**DIRECTIONS FOR THIS TASK**
A complete and exact copy of the data below is the task.

**WORKING DATA**
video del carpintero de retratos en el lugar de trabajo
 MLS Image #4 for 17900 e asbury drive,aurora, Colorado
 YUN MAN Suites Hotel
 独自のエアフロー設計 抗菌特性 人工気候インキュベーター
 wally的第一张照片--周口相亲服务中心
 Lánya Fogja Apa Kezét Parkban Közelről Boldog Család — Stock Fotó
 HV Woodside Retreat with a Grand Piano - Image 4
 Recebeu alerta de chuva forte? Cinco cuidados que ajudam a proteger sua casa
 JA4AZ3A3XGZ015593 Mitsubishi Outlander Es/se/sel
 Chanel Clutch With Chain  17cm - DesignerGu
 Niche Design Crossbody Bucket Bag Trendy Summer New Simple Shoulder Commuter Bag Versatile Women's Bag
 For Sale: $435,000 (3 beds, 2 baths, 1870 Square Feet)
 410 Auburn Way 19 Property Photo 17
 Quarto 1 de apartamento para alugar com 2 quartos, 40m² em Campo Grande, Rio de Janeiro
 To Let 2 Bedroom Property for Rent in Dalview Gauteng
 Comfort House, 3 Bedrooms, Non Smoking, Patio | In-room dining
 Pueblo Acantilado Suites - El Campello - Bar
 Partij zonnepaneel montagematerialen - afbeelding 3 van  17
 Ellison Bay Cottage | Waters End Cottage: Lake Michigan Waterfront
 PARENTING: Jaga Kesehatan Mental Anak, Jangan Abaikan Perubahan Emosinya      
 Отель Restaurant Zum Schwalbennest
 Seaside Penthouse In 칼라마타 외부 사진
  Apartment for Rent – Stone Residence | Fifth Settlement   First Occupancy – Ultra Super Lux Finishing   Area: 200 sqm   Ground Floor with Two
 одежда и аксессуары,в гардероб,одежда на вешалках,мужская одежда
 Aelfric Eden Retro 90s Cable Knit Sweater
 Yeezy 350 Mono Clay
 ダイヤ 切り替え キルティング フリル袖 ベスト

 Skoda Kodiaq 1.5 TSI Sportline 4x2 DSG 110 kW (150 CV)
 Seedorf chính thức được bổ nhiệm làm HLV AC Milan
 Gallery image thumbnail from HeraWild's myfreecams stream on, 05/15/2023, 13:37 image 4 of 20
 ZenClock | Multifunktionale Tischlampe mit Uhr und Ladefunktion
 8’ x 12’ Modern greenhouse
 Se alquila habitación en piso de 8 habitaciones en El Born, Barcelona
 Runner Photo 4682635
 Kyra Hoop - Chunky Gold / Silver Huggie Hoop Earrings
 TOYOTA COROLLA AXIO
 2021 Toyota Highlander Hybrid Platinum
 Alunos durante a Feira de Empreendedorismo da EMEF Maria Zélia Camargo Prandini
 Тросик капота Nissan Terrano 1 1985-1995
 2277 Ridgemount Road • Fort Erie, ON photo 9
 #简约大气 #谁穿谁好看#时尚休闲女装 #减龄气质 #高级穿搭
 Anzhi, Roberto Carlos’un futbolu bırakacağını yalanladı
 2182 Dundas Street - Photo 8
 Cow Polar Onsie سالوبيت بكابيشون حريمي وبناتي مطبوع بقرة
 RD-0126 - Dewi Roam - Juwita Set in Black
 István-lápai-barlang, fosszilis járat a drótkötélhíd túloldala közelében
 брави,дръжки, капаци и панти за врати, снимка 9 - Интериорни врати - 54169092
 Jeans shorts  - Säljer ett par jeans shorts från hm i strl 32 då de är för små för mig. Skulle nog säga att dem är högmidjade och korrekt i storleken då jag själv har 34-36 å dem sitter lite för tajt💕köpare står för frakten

**RESULT OF THIS TASK**
video del carpintero de retratos en el lugar de trabajo
 MLS Image #4 for 17900 e asbury drive,aurora, Colorado
 YUN MAN Suites Hotel
 独自のエアフロー設計 抗菌特性 人工気候インキュベーター
 wally的第一张照片--周口相亲服务中心
 Lánya Fogja Apa Kezét Parkban Közelről Boldog Család — Stock Fotó
 HV Woodside Retreat with a Grand Piano - Image 4
 Recebeu alerta de chuva forte? Cinco cuidados que ajudam a proteger sua casa
 JA4AZ3A3XGZ015593 Mitsubishi Outlander Es/se/sel
 Chanel Clutch With Chain  17cm - DesignerGu
 Niche Design Crossbody Bucket Bag Trendy Summer New Simple Shoulder Commuter Bag Versatile Women's Bag
 For Sale: $435,000 (3 beds, 2 baths, 1870 Square Feet)
 410 Auburn Way 19 Property Photo 17
 Quarto 1 de apartamento para alugar com 2 quartos, 40m² em Campo Grande, Rio de Janeiro
 To Let 2 Bedroom Property for Rent in Dalview Gauteng
 Comfort House, 3 Bedrooms, Non Smoking, Patio | In-room dining
 Pueblo Acantilado Suites - El Campello - Bar
 Partij zonnepaneel montagematerialen - afbeelding 3 van  17
 Ellison Bay Cottage | Waters End Cottage: Lake Michigan Waterfront
 PARENTING: Jaga Kesehatan Mental Anak, Jangan Abaikan Perubahan Emosinya      
 Отель Restaurant Zum Schwalbennest
 Seaside Penthouse In 칼라마타 외부 사진
  Apartment for Rent – Stone Residence | Fifth Settlement   First Occupancy – Ultra Super Lux Finishing   Area: 200 sqm   Ground Floor with Two
 одежда и аксессуары,в гардероб,одежда на вешалках,мужская одежда
 Aelfric Eden Retro 90s Cable Knit Sweater
 Yeezy 350 Mono Clay
 ダイヤ 切り替え キルティング フリル袖 ベスト

 Skoda Kodiaq 1.5 TSI Sportline 4x2 DSG 110 kW (150 CV)
 Seedorf chính thức được bổ nhiệm làm HLV AC Milan
 Gallery image thumbnail from HeraWild's myfreecams stream on, 05/15/2023, 13:37 image 4 of 20
 ZenClock | Multifunktionale Tischlampe mit Uhr und Ladefunktion
 8’ x 12’ Modern greenhouse
 Se alquila habitación en piso de 8 habitaciones en El Born, Barcelona
 Runner Photo 4682635
 Kyra Hoop - Chunky Gold / Silver Huggie Hoop Earrings
 TOYOTA COROLLA AXIO
 2021 Toyota Highlander Hybrid Platinum
 Alunos durante a Feira de Empreendedorismo da EMEF Maria Zélia Camargo Prandini
 Тросик капота Nissan Terrano 1 1985-1995
 2277 Ridgemount Road • Fort Erie, ON photo 9
 #简约大气 #谁穿谁好看#时尚休闲女装 #减龄气质 #高级穿搭
 Anzhi, Roberto Carlos’un futbolu bırakacağını yalanladı
 2182 Dundas Street - Photo 8
 Cow Polar Onsie سالوبيت بكابيشون حريمي وبناتي مطبوع بقرة
 RD-0126 - Dewi Roam - Juwita Set in Black
 István-lápai-barlang, fosszilis járat a drótkötélhíd túloldala közelében
 брави,дръжки, капаци и панти за врати, снимка 9 - Интериорни врати - 54169092
 Jeans shorts  - Säljer ett par jeans shorts från hm i strl 32 då de är för små för mig. Skulle nog säga att dem är högmidjade och korrekt i storleken då jag själv har 34-36 å dem sitter lite för tajt💕köpare står för frakten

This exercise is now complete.